Return exactly the span of lines in the following data that opens with the line containing "12 Veronique Gardens, Ilford, IG6 1AR" and closes with the line containing "Donovan Mitchell dribbling". Include nothing else.

Data for this exercise: Begin

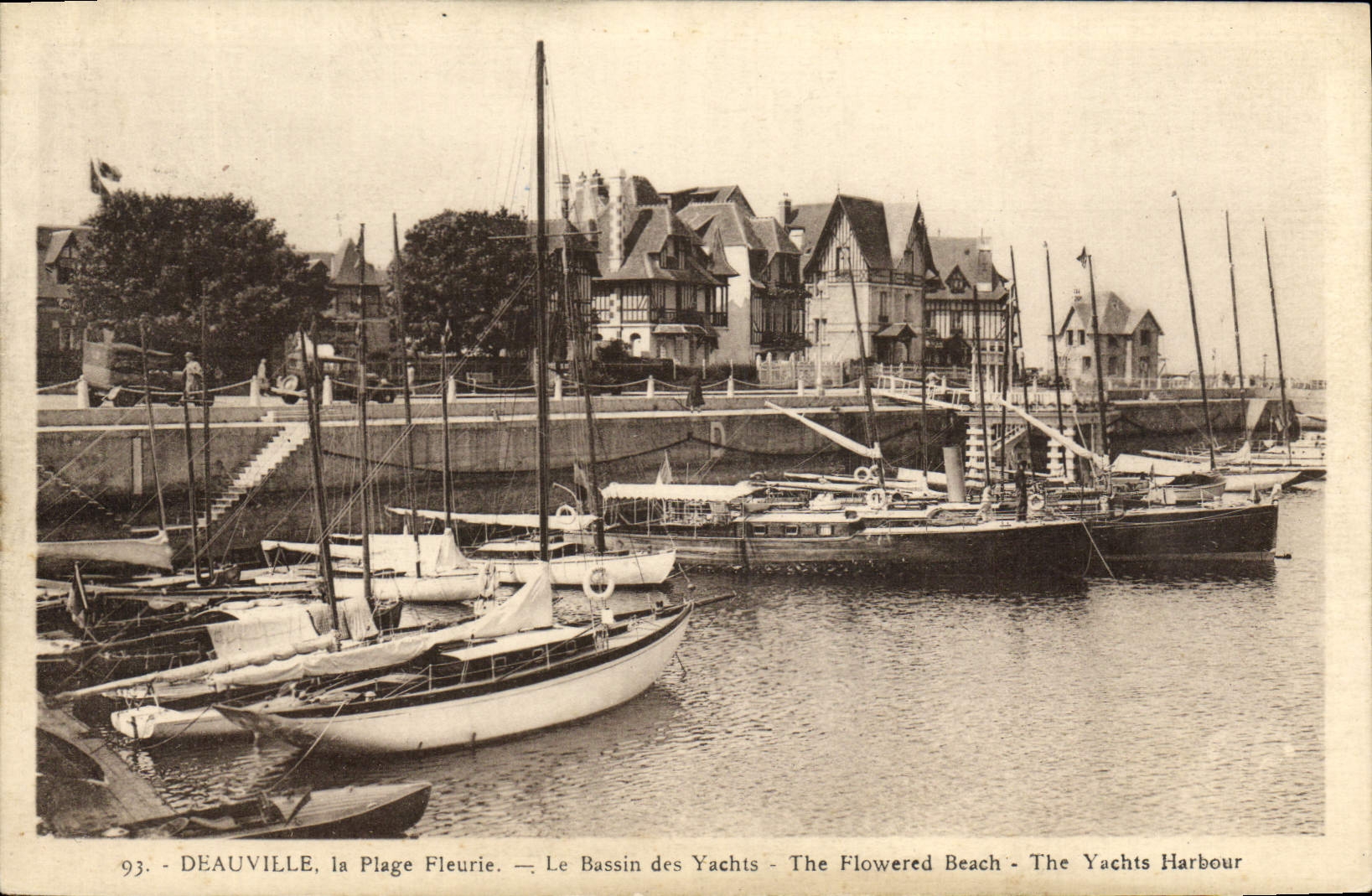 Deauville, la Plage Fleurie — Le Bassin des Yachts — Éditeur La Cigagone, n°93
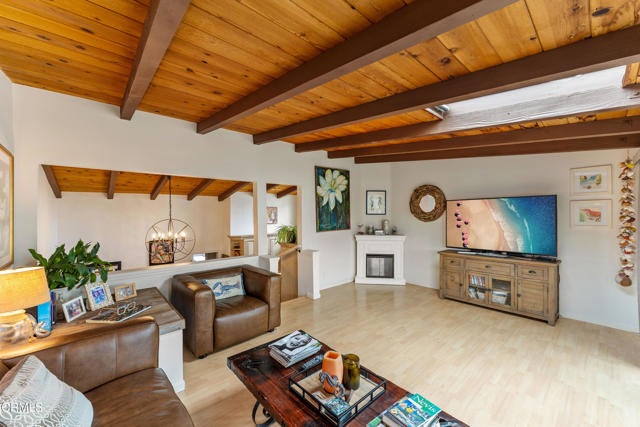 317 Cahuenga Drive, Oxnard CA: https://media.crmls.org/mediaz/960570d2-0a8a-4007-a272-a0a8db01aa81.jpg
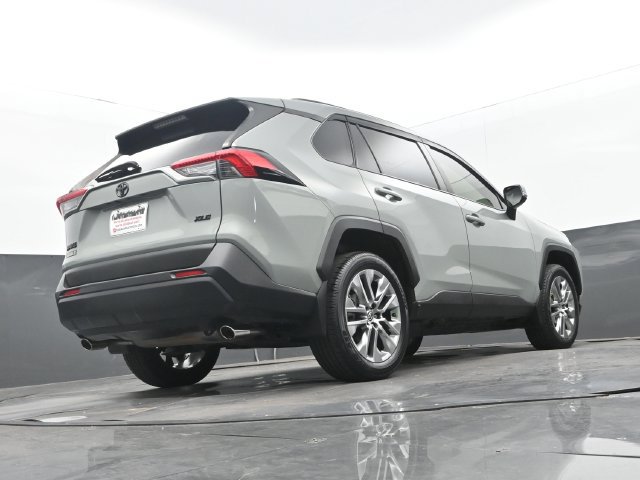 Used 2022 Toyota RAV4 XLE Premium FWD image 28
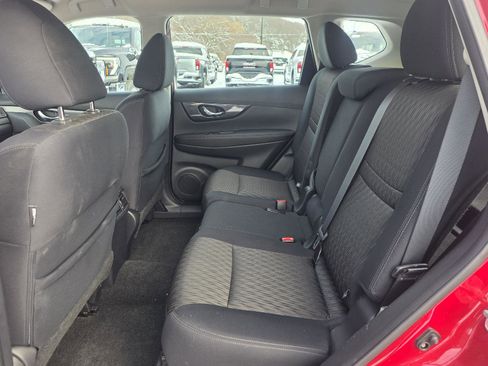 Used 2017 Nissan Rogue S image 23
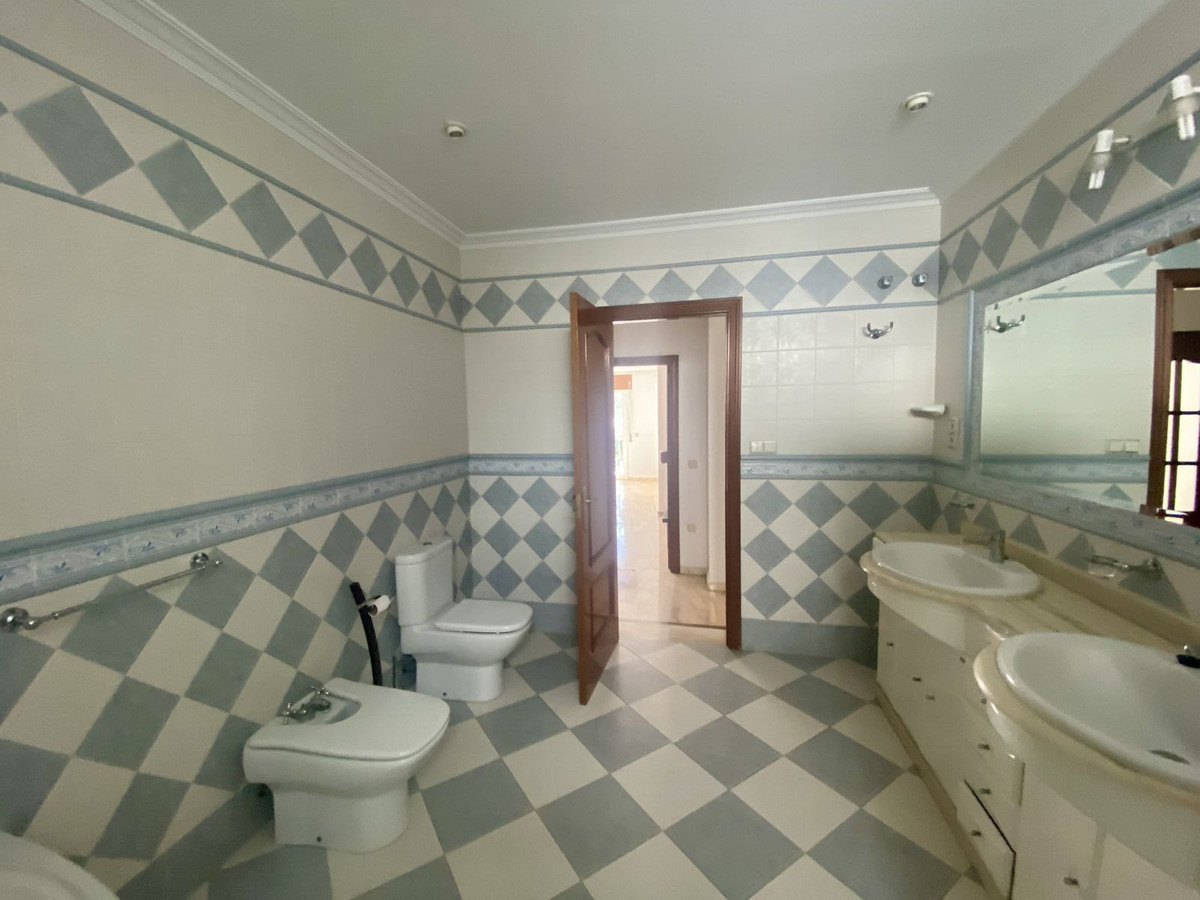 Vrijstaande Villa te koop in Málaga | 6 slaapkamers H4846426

Data for this exercise: End
Data for this exercise: Begin

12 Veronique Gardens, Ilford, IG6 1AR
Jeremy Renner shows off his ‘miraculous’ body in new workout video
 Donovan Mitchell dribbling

Data for this exercise: End

*Task response*:
12 Veronique Gardens, Ilford, IG6 1AR
Jeremy Renner shows off his ‘miraculous’ body in new workout video
 Donovan Mitchell dribbling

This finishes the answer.